Unlike in writing other essay styles, assertions are required in writing argument and persuasion essays. They direct the layout of your essay.
I can see my essay will layout with anecdotes from the lives of my own children. I will distinguish the characteristics necessary for good emotional development and show how they are present in the divorce. I will contrast my experience raising children in one two-parent household with my experience of raising them in my single-parent household while sharing them with their dad’s household to show increased opportunities for my children’s emotional growth.
Assertions are always statements, never incomplete sentences, never questions. I could not write a strong argument if I merely wrote, “Raising children when you divorce.” I could not write a strong argument if I merely asked, “Can a divorce be the opportunity for raising emotionally enriched children?” My answer to that question is yes, but the word “yes” is not a blueprint–it doesn’t tell me the cause and effect or define emotional enrichment. The answer to that question in a full sentence is an assertion. My assertion keeps me focused on what I am going to say to back it up and on the order that will best help me support it.

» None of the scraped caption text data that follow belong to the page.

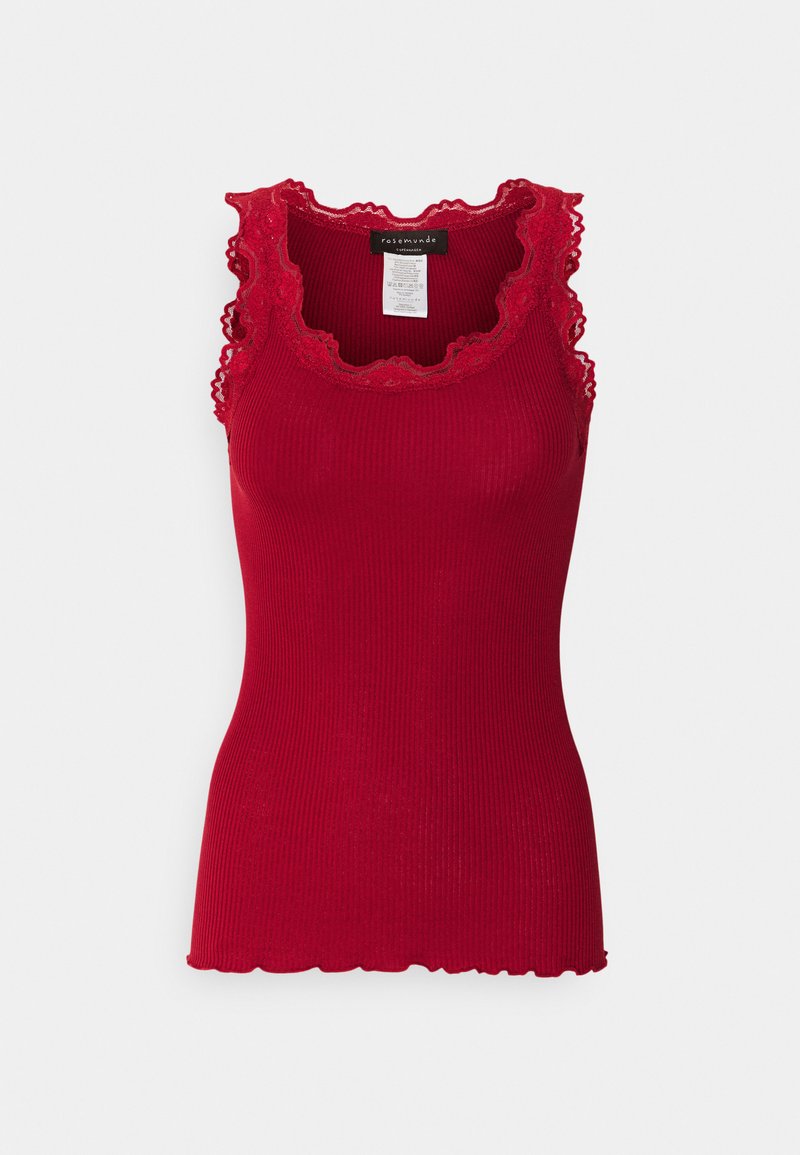Rosemunde BABETTE U NECK - Top - cranberry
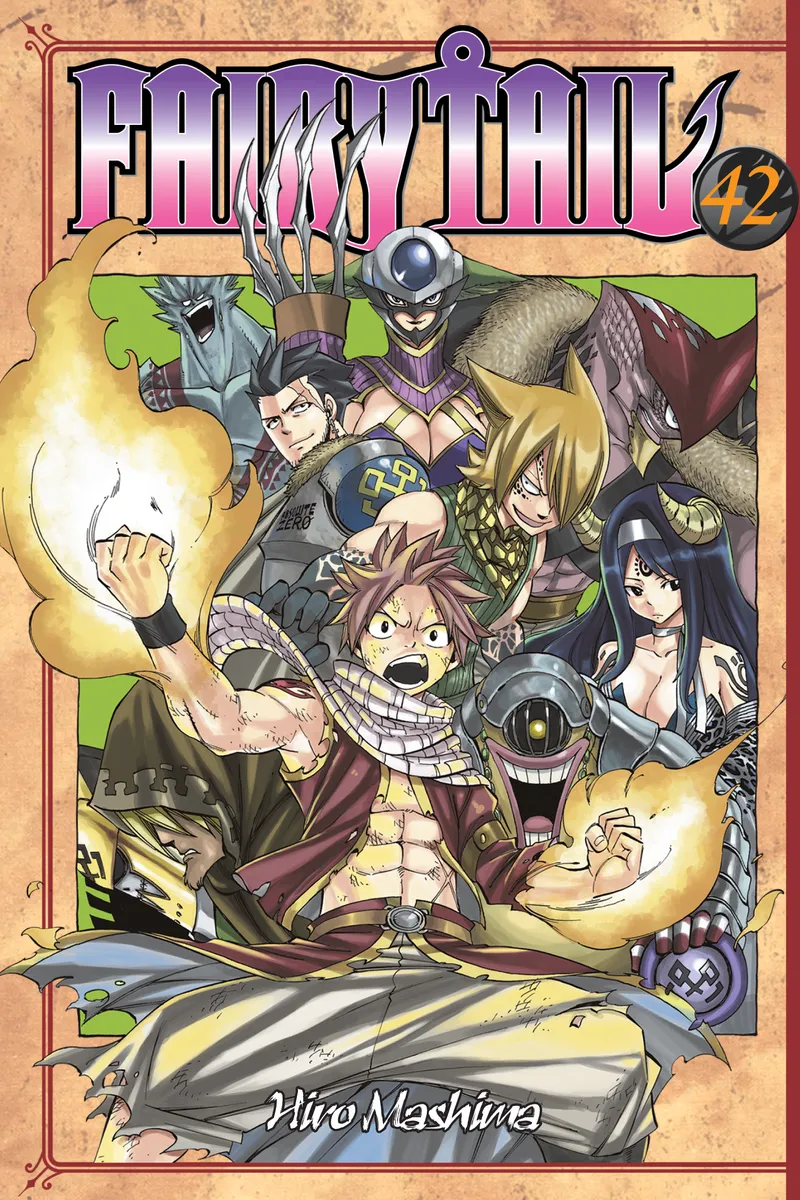 Cover of FAIRY TAIL Vol 42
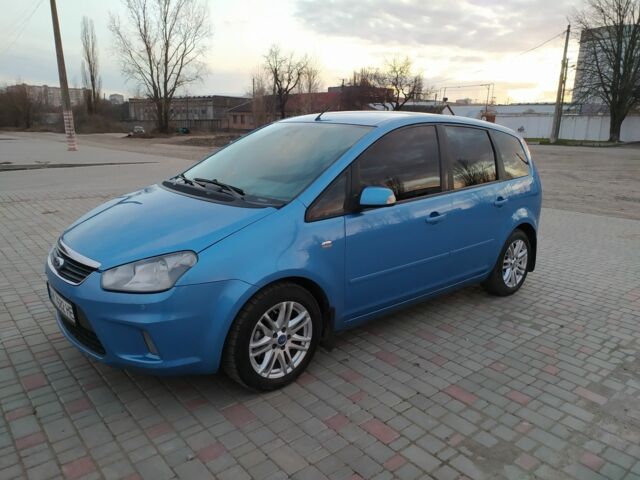 Синий Форд Си-Макс, объемом двигателя 1.8 л и пробегом 200 тыс. км за 5800 $, фото 4 на Automoto.ua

The assertion provides not only a layout plan; it is a lighthouse guiding me away from the rocks of illogic and incoherence.
Write the assertions you can think of concerning your passion items. Select the assertion that most interests you. There are two more exercises ahead before you start writing.
Your personal experience may include the following information to support your assertion or you might seek some of this information as you are writing:
1) the testimony of experts, authorities, and others who should know
2) statistics
3) comparisons of essential nature (an essay I read compared all of us who use up the planet’s resources to airplane mechanics who pop rivets off a plane say there are plenty more to keep the plane together)
4) the history of how something happened
5) the effects of something that happened
6) solutions to a problem
7) an account of the opposition’s argument (the chorus of voices I spoke about earlier) and way of thinking
8) your counter to that point of view.
By reporting opposing points of view, you show your astuteness and your respect for differences of opinion. This invites readers to consider your opinion. Providing the opposition’s point of view credits you; it shows you have looked deeply into your situation.
To start developing your essay, write your assertion across the top of a blank page. Then list the supports and evidences you might use in making your argument.
This process may have some surprises for you. Sometimes you’ll make an assertion you feel strongly about, but when you begin to support it, you’ll find you have more ammunition for the opposite side. Well, switch sides then!
Now that you have written your assertion and thought up supports for it, decide on the order you will use to present the supports for a powerful argument. A good strategy is to put your strongest support first and tuck in the weakest next. Then you can put your third strongest support in and after that your second strongest. This will help you get the reader’s attention and keep it. You don’t want to let your argument wind down or fizzle out by exhausting your best arguments first.
After you develop your argument based on your first round of response, get additional response. Then you might want to leave this piece alone for several days. When you come back to it, are you still persuaded? Does this writing represent what you believe? Can you see the importance of what you have lived now that you have written it in this style?